This is what happens in Portrait eines Planeten. (pp. 93-4)

[In Der Sturz (The Pledge), Dürrenmatt's first novel since 1958, he] presents a parable—similar to one used by H.J.C. von Grimmelshausen in the great seventeenth-century German novel Simplicius Simplicissimus—in which all human beings are given a position in relation to a tree; the ones near the top move higher and higher—until they fall down. Dürrenmatt's model reminds the reader of a Russian, Chinese, or East German top-level meeting of the Communist Party. Few will believe that such an action could take place in a Western country. The fact that Dürrenmatt introduces an English lord will deceive nobody. Whether Dürrenmatt intended to or not, he has written an anticommunist pamphlet.

It is probable that Dürrenmatt [at fifty] still has much to offer.
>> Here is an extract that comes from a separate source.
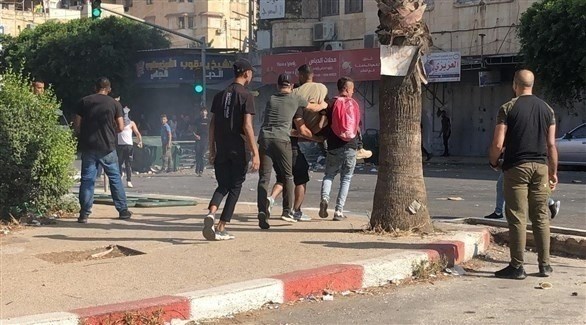 فلسطينيون ينقلون جريحاًُ أصيب في الاشتباكات بنابلس (تويتر)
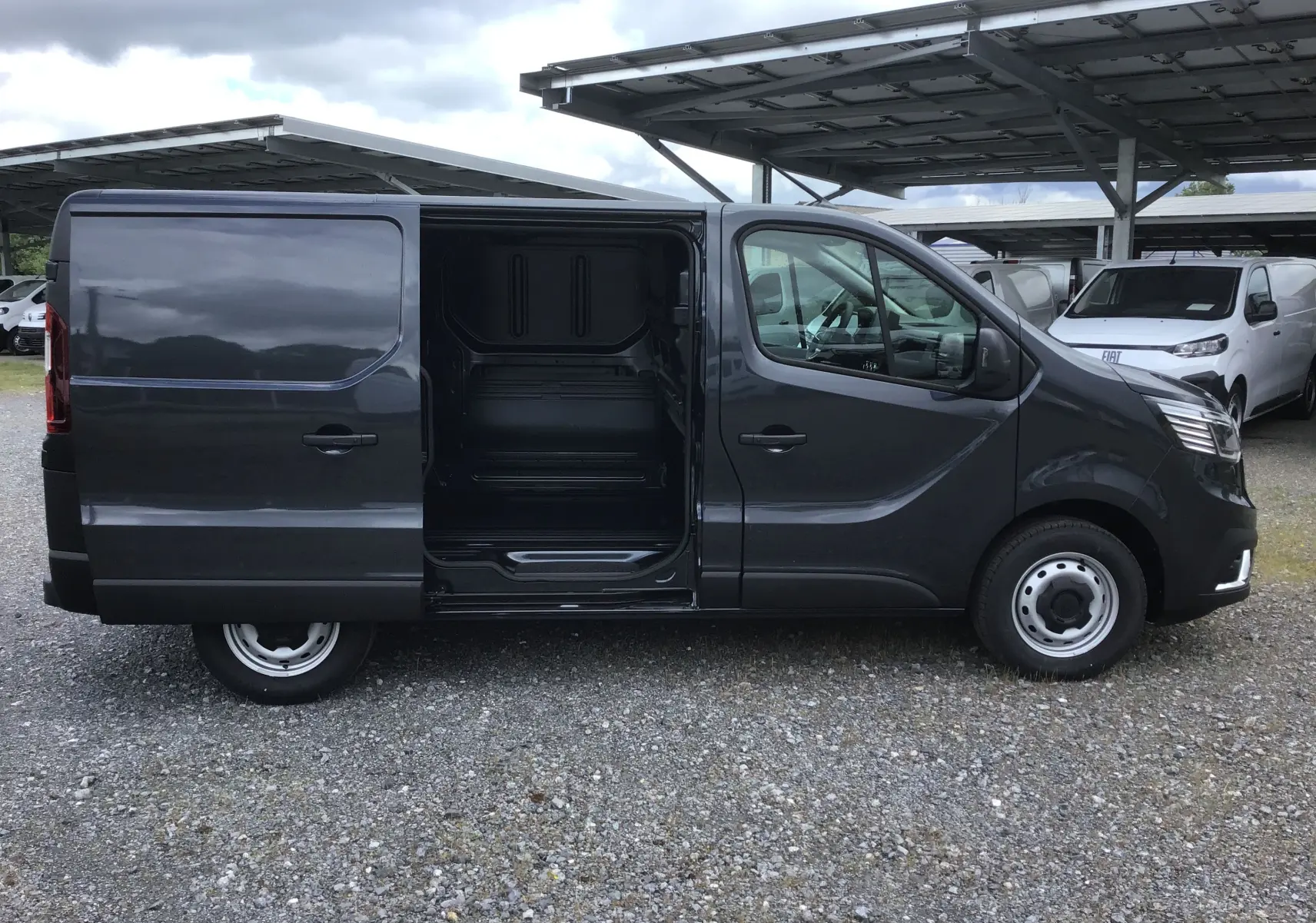 Vue de profil droit d’un Renault Trafic Fourgon gris comète 2025 avec porte latérale coulissante ouverte montrant l’espace de chargement.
What he has achieved up to now, however, would be enough for us to consider him among the more important dramatists of German (and world) literature. Besides obvious genius, Dürrenmatt possesses the characteristics that distinguished Shaw: a sharp critical intelligence and the honesty to think through a problem logically and uncompromisingly (even when the end is despair). Dürrenmatt has the background of a great humanist. He also has a vital and indestructible sense of humor, which encompasses everything from crude puns to grotesque absurdities, and includes satire as well as the most polished parody.

Dürrenmatt is convinced of the absurdity of human existence; isolated man stands powerless, facing the void. The human race is digging its own grave because of its senseless worship of technology. Even if Dürrenmatt, with his hard logic, is far from being a devout Christian, many of his works are like sermons. They contain hidden challenges to act like Därlach and not like the inhabitants of Güllen. They ask us to distrust slogans and shibboleths and any kind of political leadership. (pp. 99-100)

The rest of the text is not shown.